Tika was no ordinary cat. She was one of those creatures that when you met her, you just knew there was something special about her. When we rescued her from the shelter during our first year of marriage, we knew she belonged with us. Tika was the first birthday gift I’d gotten from my husband after our wedding. She kinda picked us, the way you hear of dogs choosing their new owner. We weren’t really interested in adopting, but we found ourselves at the shelter that rainy Saturday April afternoon. It wasn’t unusual for us to stop in at the Humane Society just to look around, when we weren’t doing anything special on our way home and it was on the way. We meandered into the cat room, where the staff was tending to a new bunch of cats that were recently surrendered after their owner passed away. Since we already had a 3 year old calico, and because I have a soft spot for calicos and tortoiseshell cats, I was drawn to a pretty calico that was in the group. She was reserved and shy in the back of her cage, not really understanding why she was there… and then I felt it.
Two light golden eyes were staring at me from a cage behind me. It was Tika, but her name at the time was “Luna.” And she was unlike the other cats. She was active and friendly, purring and licking our fingers through her bars. So hubby and I decided to spend some time with her in the visit room, and that is where we fell in love with this cat.
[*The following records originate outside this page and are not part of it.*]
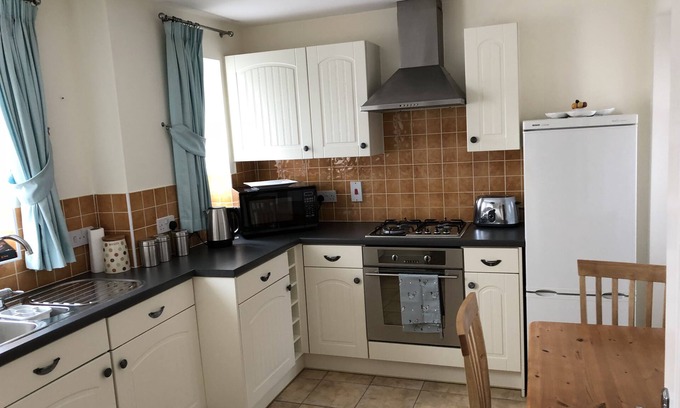 Oakham House | Jubilee House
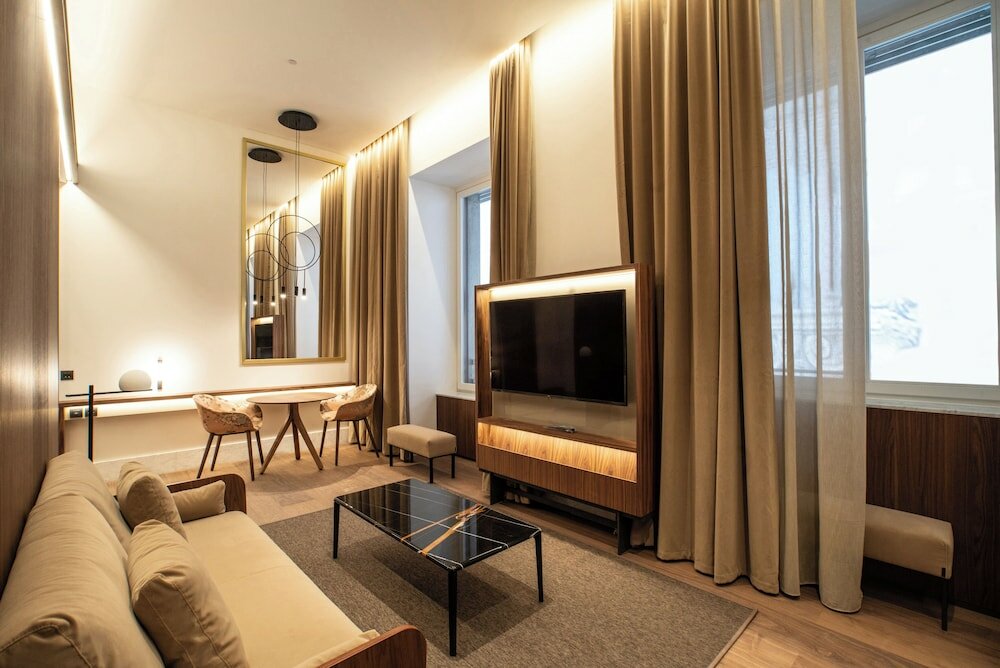 Фото Palazzo Cordusio, a Gran Melia Hotel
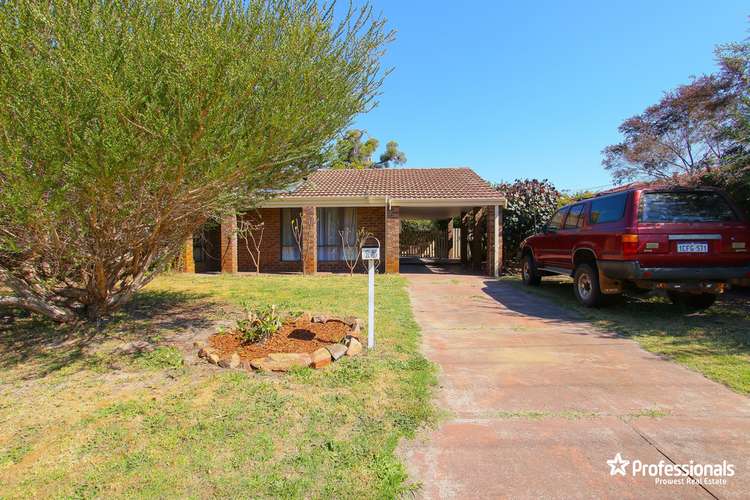 Fifth view of Homely house listing, 13 Abrolhos Close, Shelley WA 6148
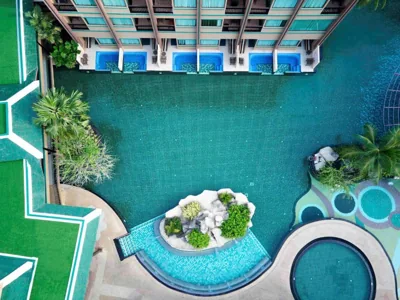 Novotel Phuket Vintage Park Resort – Photos 4
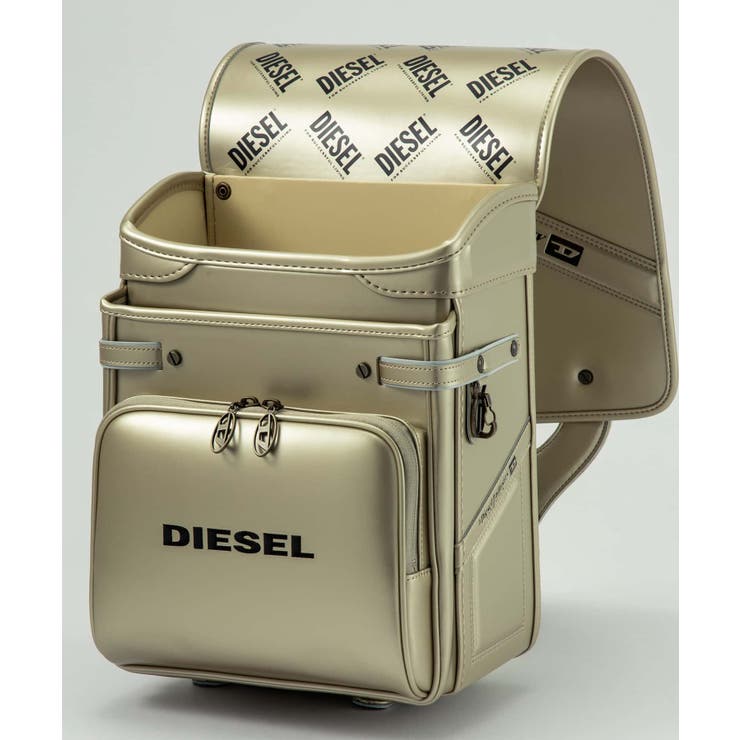 ピンク】DIESEL ディーゼル 5TH[品番：SHNM0004331]｜SHIFFON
She was sweet, and loved belly rubs. She purred the whole time we were with her, laying on the charm. Her meows were soft and pleasant, almost begging us to take her home. It was very difficult to leave her that afternoon, but we had placed a hold on her so we could “think about it.” There was no thinking, but there was plenty of agonizing, tears and insomnia. We finally decided to bring her home, and whatever the problems the two cats would have would surely work out over time.
In truth, it was over six months before Tika and Callie could tolerate each other and be in the same room. But she was in my lap most times, and Callie just adored my hubby from the moment she met him. So we each had a cat for our laps and our hearts. Tika became my “certified professional” lap warmer, and my nurse when I was hurt in a car accident the following year and in the years that followed, right up until she passed away. She always knew when I needed her, and she was always right in my lap, grooming and loving me. She never knew a stranger. Tika was the greeter that welcomed every guest into our home with a meow and a polite demand for a belly rub. Everyone who met her adored her, even the veterinarians who treated her for the last six months of her life.
Every day since the day she passed, I have thought of her. I have pictures of her on my desktop computer. There is a photo of her and Sassy, our now 16 year old Ragdoll, that peers at me from a frame on the wall. And every day has been excruciatingly painful. For a long time, I couldn’t say her name without tears of grief, and I certainly couldn’t speak about her without choking sobs. When she died, a piece of my heart died with her.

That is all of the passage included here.